┌─ Source material

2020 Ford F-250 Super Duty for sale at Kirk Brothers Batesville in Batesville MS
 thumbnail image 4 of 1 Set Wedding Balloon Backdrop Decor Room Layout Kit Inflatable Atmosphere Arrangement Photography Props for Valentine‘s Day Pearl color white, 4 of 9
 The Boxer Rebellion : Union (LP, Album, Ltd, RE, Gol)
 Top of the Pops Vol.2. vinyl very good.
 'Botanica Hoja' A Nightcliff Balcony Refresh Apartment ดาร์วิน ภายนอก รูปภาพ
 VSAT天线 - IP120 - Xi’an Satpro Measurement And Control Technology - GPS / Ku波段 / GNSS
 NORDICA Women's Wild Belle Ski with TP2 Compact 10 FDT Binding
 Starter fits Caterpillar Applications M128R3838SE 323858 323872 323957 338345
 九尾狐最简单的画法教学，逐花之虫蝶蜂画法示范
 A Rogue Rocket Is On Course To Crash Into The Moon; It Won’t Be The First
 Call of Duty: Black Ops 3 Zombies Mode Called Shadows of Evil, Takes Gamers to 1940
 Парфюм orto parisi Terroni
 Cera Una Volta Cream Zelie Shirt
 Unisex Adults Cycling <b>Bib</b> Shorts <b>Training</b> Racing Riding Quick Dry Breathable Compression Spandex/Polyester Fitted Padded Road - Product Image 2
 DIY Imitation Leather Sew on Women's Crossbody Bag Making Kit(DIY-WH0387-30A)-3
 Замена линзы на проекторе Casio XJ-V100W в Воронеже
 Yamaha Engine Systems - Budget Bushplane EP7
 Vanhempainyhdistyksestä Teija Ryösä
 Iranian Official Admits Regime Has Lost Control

└─

→ **Exercise requirements**
Which lines of the data contain the string "Duty"? Copy each one.

→ **Written reply**
2020 Ford F-250 Super Duty for sale at Kirk Brothers Batesville in Batesville MS
 Call of Duty: Black Ops 3 Zombies Mode Called Shadows of Evil, Takes Gamers to 1940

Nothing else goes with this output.